Ce regard si sévère et caricatural prend cependant tout son sens au travers du prisme de l’adolescence. L’acceptation de soi, de son corps, le rapport aux autres ou encore la tolérance sont autant de questionnements et d’expériences que cette jeune fille doit surmonter pour se construire et quitter l’enfance.
Derrière cette vision si dure, qui offre une réelle crédibilité au personnage, se cache également une véritable tendresse pour cette femme dont elle dissèque chaque détail. A l’opposé de la figure maternelle traditionnelle, madame Nikuko offre un modèle d’émancipation qui défit toutes les injonctions de la société nippone et une autre réalité : celle d’une mère en surpoids, naïve, parfois enfantine, ayant un faible pour la boisson et la nourriture mais qui n’a de cesse de se démener pour offrir le meilleur à sa fille.

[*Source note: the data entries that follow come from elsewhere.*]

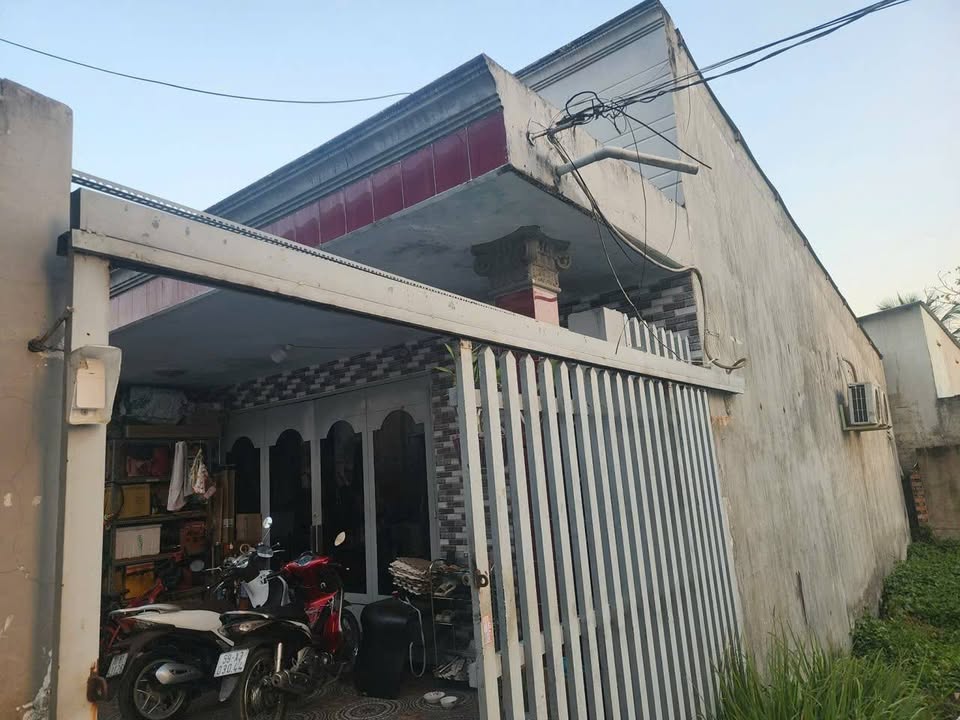 Nhà riêng Hẻm 50 Lò Lu Q9 102m² giá 5.5 tỷ - Giá tốt hiếm có!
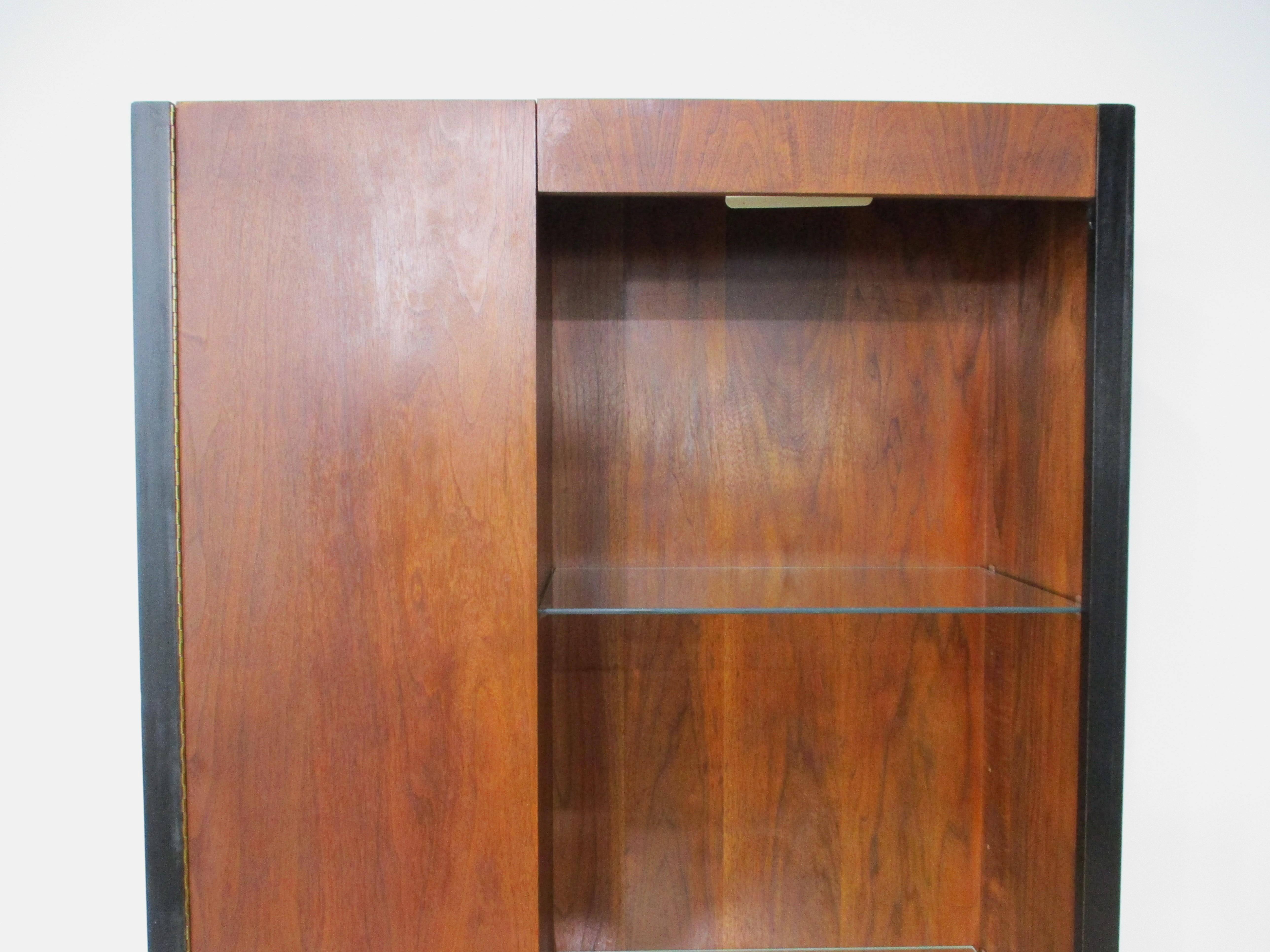 Milo Baughman Directional Styled Walnut Cabinet / Bookcase In condizioni buone in vendita a Cincinnati, OH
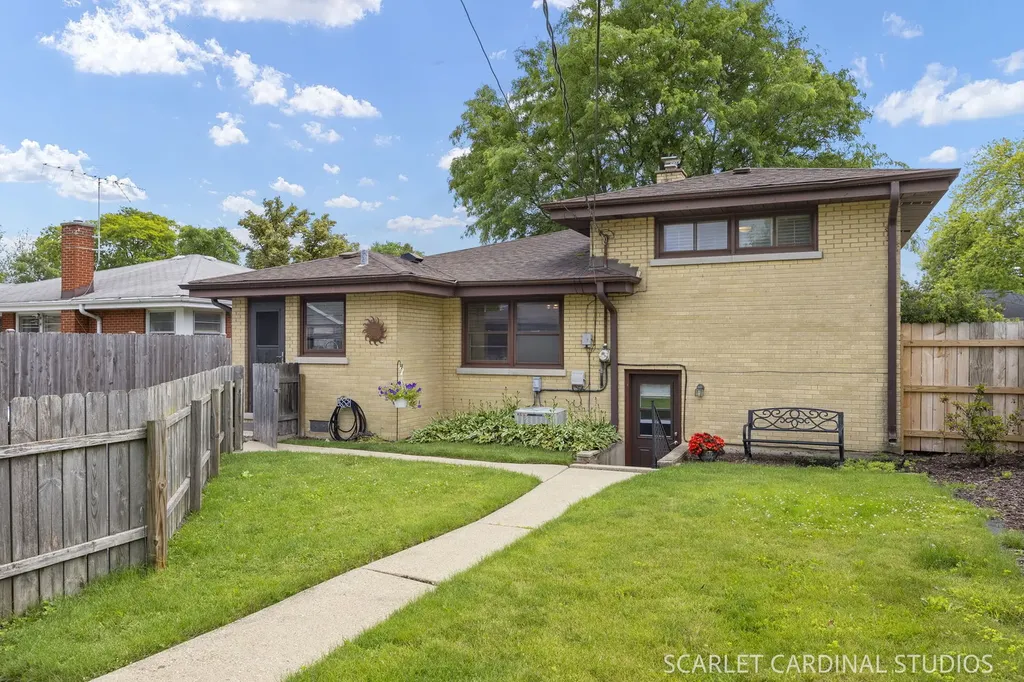 626 South Grant Avenue Villa Park IL 60181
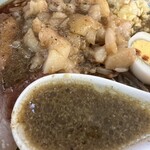 Ramen Fujimaru - 黒すら感じるスープは見た目ほど荒々しさは無い。寧ろ、味噌の風味をしっかり感じられる良作。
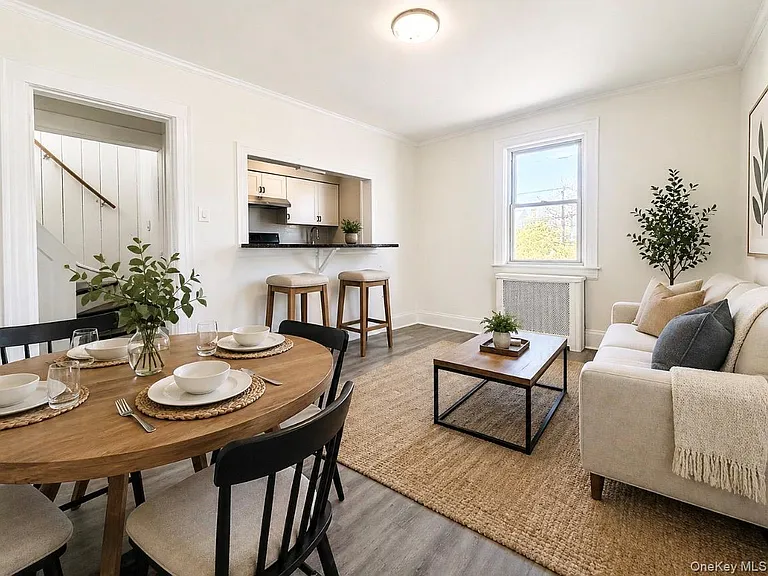 66 Kenmore Rd — Photo 10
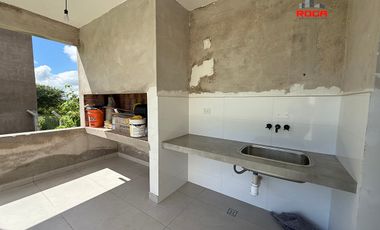 Amplio salón tipo quincho en venta – Bosque del Ceibal 1, San Antonio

Tantôt sérieux, tantôt décalé, le film marie à merveille les différentes ambiances sans pour autant se départir de sa profondeur ou de son intelligence. Tandis que l’animation s’adapte au propos, elle adopte généralement un rythme tranquille et un ton contemplatif adaptés à la quiétude de sa toile de fond pittoresque.
Derrière cet esthétisme à première vue simple, se cache finalement une foule de détails miroitants et partiellement en roue libre. La réalisation de Ayumu Watanabe se définit alors par une liberté visuelle et fantastique qui peut déstabiliser tout en étant étonnamment familière grâce à ses nombreuses inspirations.
Entre rire et émotion, le réalisateur prouve une nouvelle fois son talent et propose ici, une ode à la liberté par le biais d’un formidable portrait croisé d’une mère et d’une fille que tout oppose. Même si la narration accuse quelques faiblesses, notamment lors de son dernier arc peut-être trop précipité, La chance sourit à madame Nikuko se révèle être un véritable bijou. Loufoque mais aussi incroyablement pertinent il saura ravir tout spectateur à la recherche d’un moment d’évasion.